C’est dans cette optique que Polycarpe Abah Abah crée, d’après la lettre de dénonciation de Jacques Landry Batomlack adressé au premier ministre le 06 juillet 2009, une société-écran  dénommée Mercury, à la tête de laquelle il place un proche parent : Stéphane Soh Fonhoué, son gendre dit-on. Née sans doute pour cette seule fin, Mercury hérite donc naturellement d’un contrat exclusif pour la fourniture à l’État du Cameroun des machines à composter Neopost. Ce contrat exclusif est signé en violations des « conventions d’accord qui stipulent que Neopost ne traite directement qu’avec les États ». Elle doit en outre assurer leur paramétrage, leur maintenance ainsi que la gestion de la base des données fiscales du ministère de l’Économie et des Finances. L’attribution d’une telle mission à la fois délicate et très sensible à une jeune entreprise à l’expertise jamais éprouvée suscite des gorges chaudes.
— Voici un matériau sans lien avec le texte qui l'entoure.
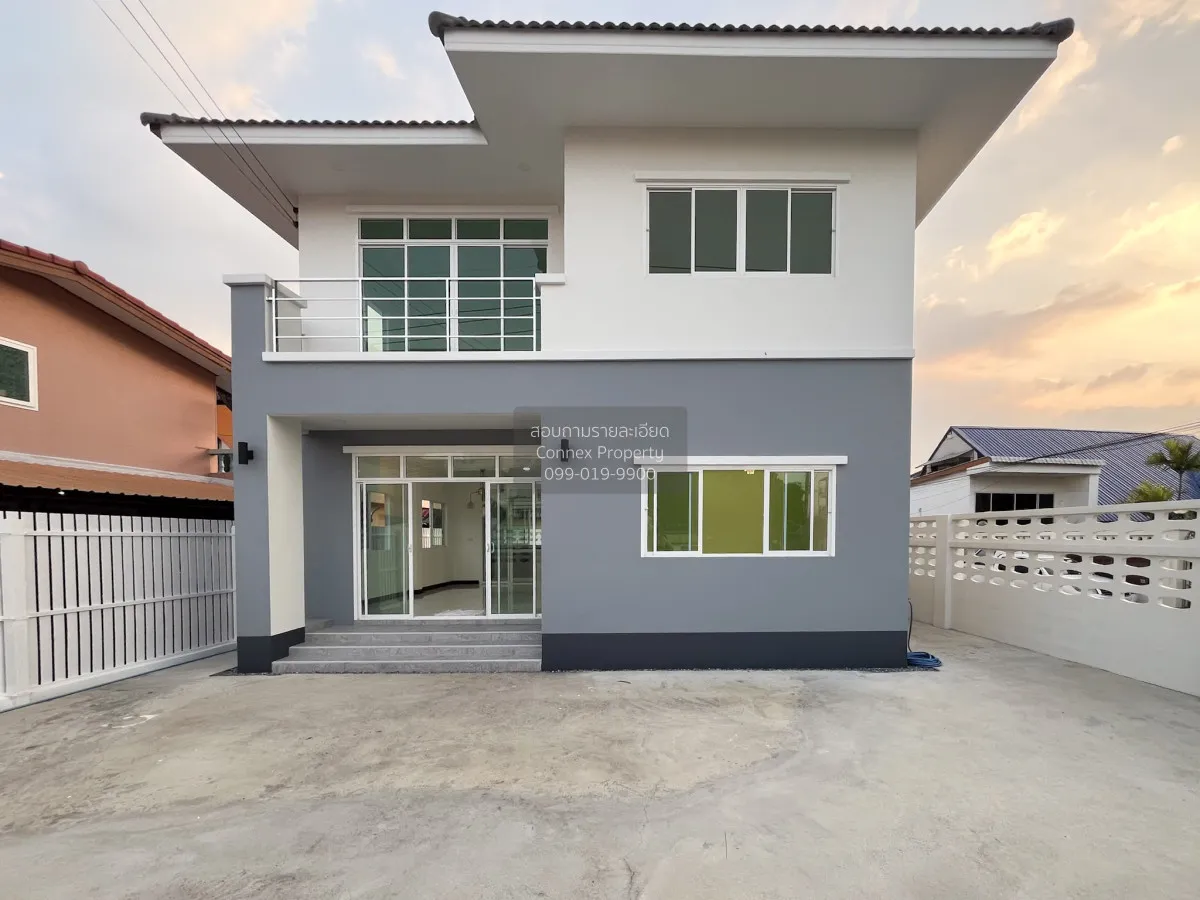 ขายบ้านเดี่ยว 2 ชั้น ซอย เศรษฐกิจ 21, บางแค, MRT หลักสอง บางแค เข 3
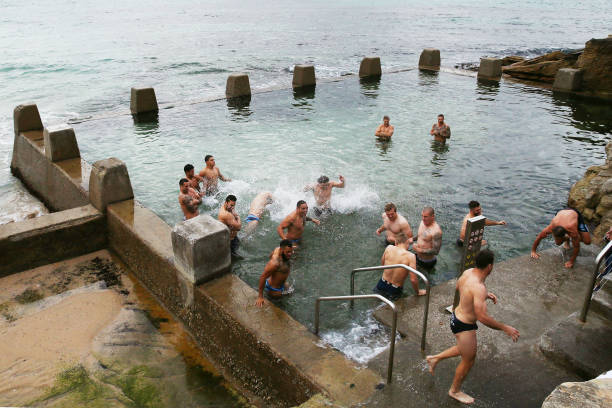 用簡(jiǎn)筆畫快速繪制游泳示意圖的技巧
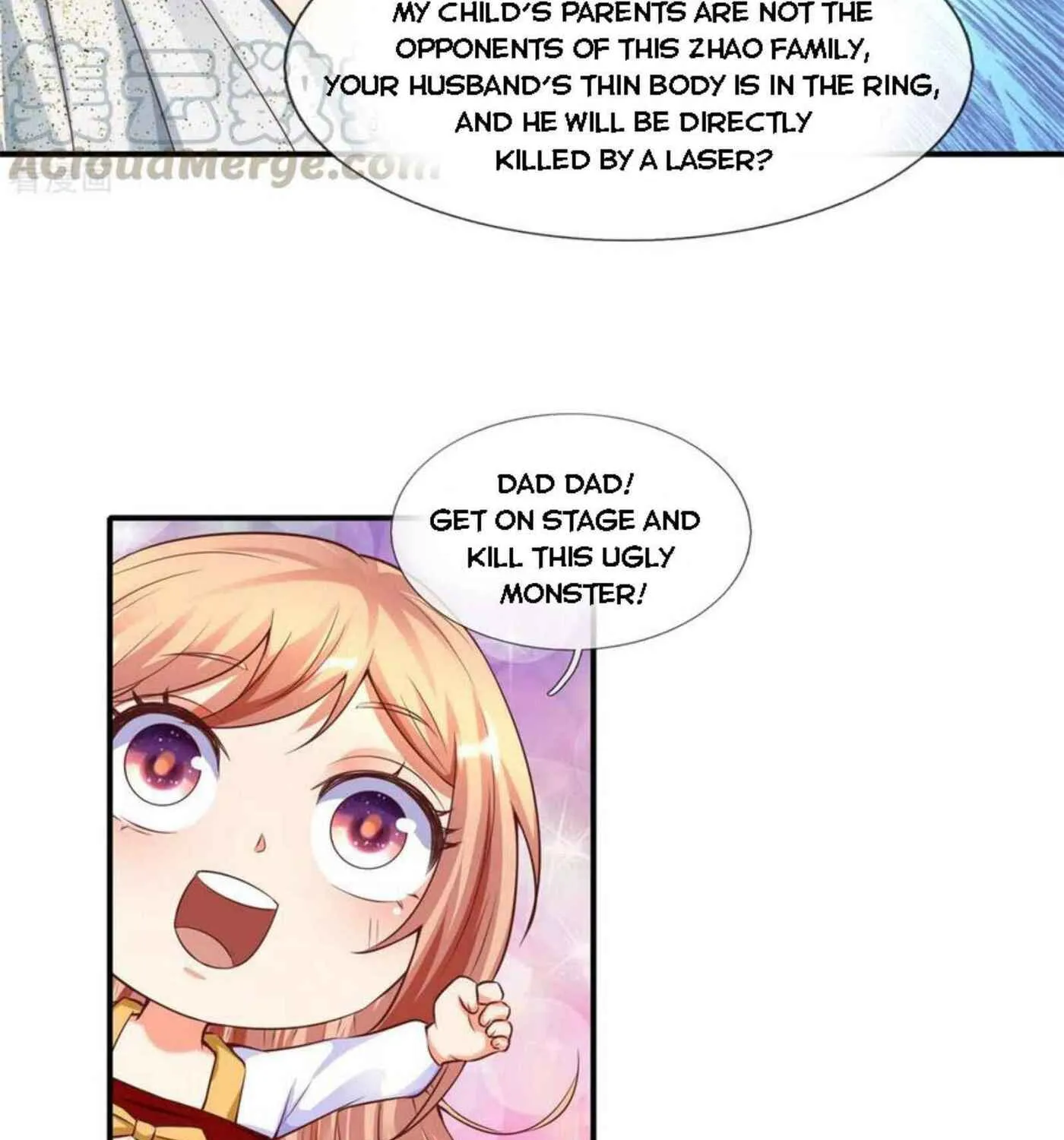 Read Immortal Reverence Dad (Colored) chapter 178 image 16 on Lezhin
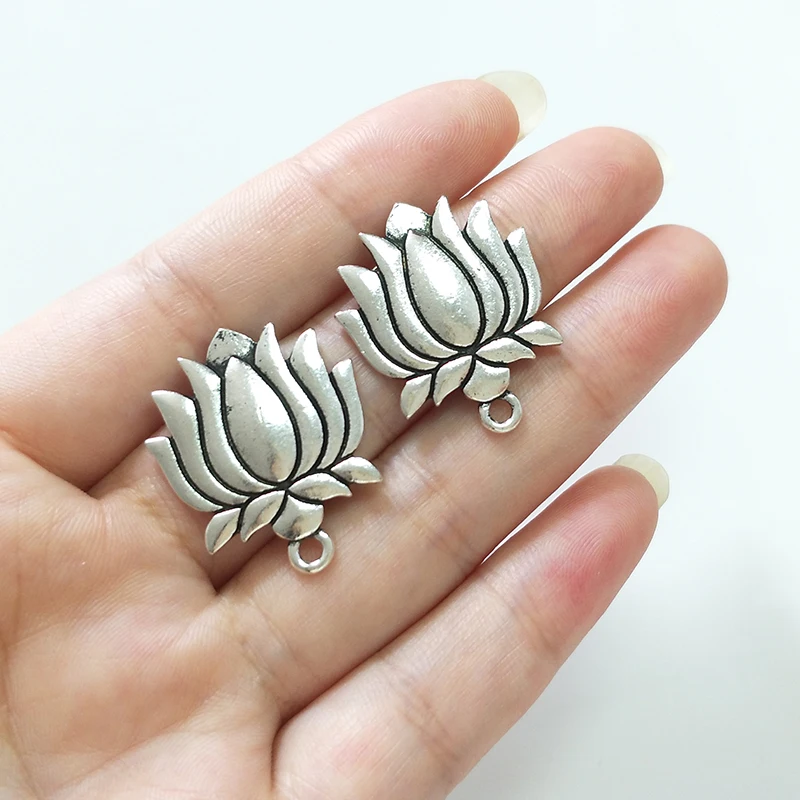 6 шт. коннекторы для сережек из цинкового сплава|earring base|base earringsconnector earring |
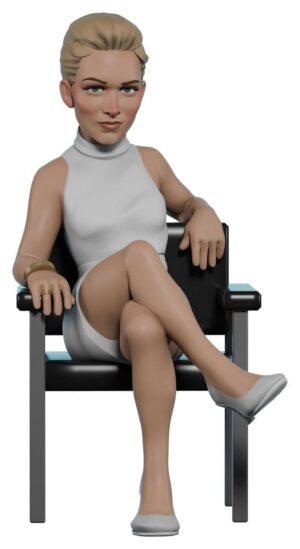 Basic Instinct Minix Figura Sharon Stone 12 cm
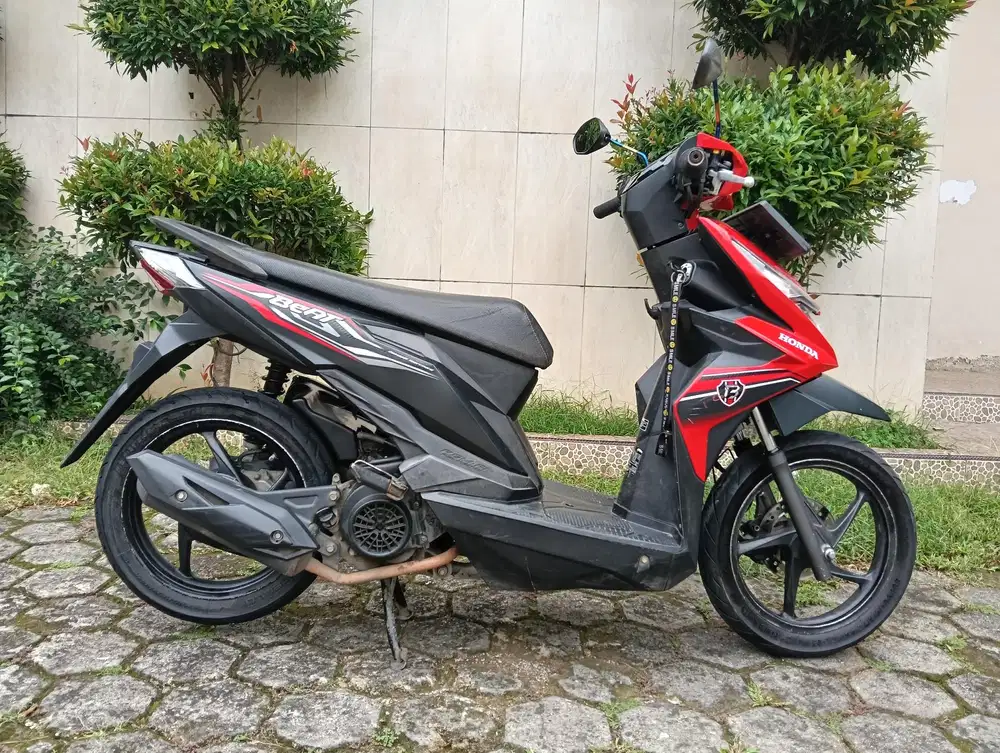 HONDA BEAT ECO TAHUN 2019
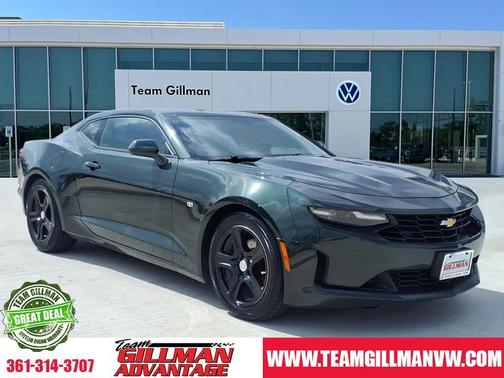 2020 Chevrolet Camaro 2LT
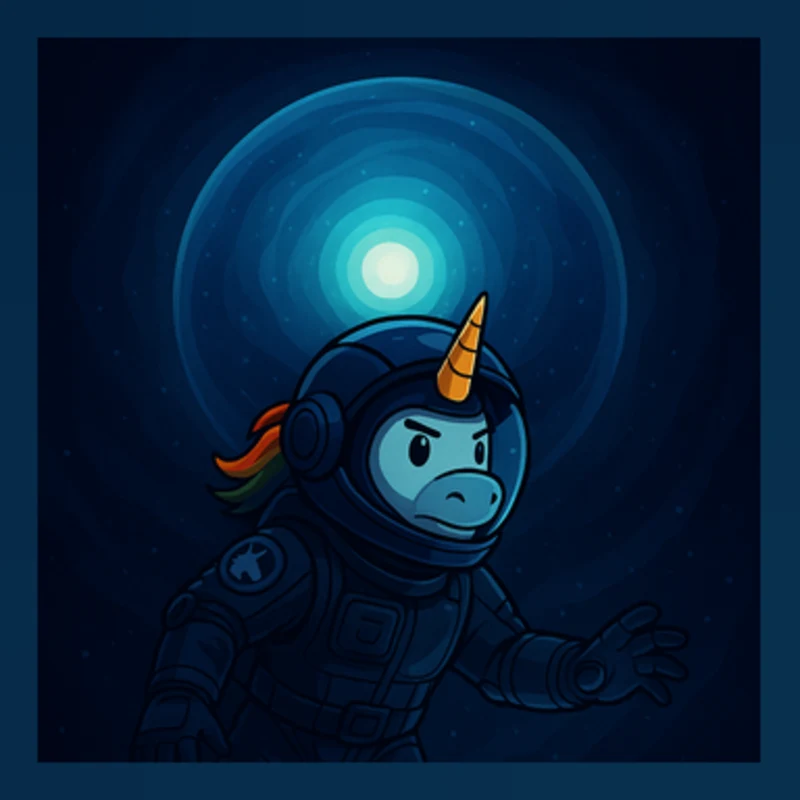 The Center Deep diver, suited up in the dark water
Alors qu’elle est censée contribuer à la sécurisation des recettes fiscales, Mercury se mue par la force des choses en une machine à fraude. Le réseau de production parallèle des timbres fiscaux fonctionne avec trois piliers : Stéphane Soh Fonhoué, directeur général de Mercury, gendre du député Jean Ketcha patron du groupe Ketch Cameroun ; Laurent Nkodo, alors directeur général des Impôts et Crescence Monique Ndzié, chef de division du recouvrement et du timbre à la direction générale des Impôts. Leur mode opératoire est simple: une machine est déclarée en panne ou volée et donc hors service. Mais en réalité, elle reste dans le circuit officiel sauf que le fruit de son activité ne bénéficie qu’au réseau de fraude. Il arrive même souvent qu’une machine déclarée volée au Cameroun soit en activité au Gabon, au Sénégal, au Bénin, au Niger, au Mali, au Burkina-Faso ou en République centrafricaine où Mercury bénéficie du même contrat qu’au Cameroun. D’où la difficulté à évaluer avec précision l’ampleur des pertes infligées à l’État.
Mais curieusement, ce réseau de détournement des recettes fiscales a toujours bénéficié d’une grande protection. Même ceux qui ont le pouvoir de stopper la saignée n’ont rien fait. Informé depuis mars 2009, le ministre des Finances tarde à prendre des mesures conservatoires à défaut des sanctions. Bien au contraire, il a renouvelé le contrat de partenariat entre l’État et Mercury. Autre preuve que le réseau bénéficie des complicités à des niveaux insoupçonnés, en dépit des aveux du directeur général de Mercury, les enquêtes ouvertes à la légion de gendarmerie du Centre, à la police judiciaire ou par l’Agence nationale d’investigation financière n’ont jamais prospéré. Et comme pour distraire l’opinion, Crescence Monique Ndzié annonce que les faux timbres, qui sont loin d’être l’apanage du bac, incombent aux proviseurs.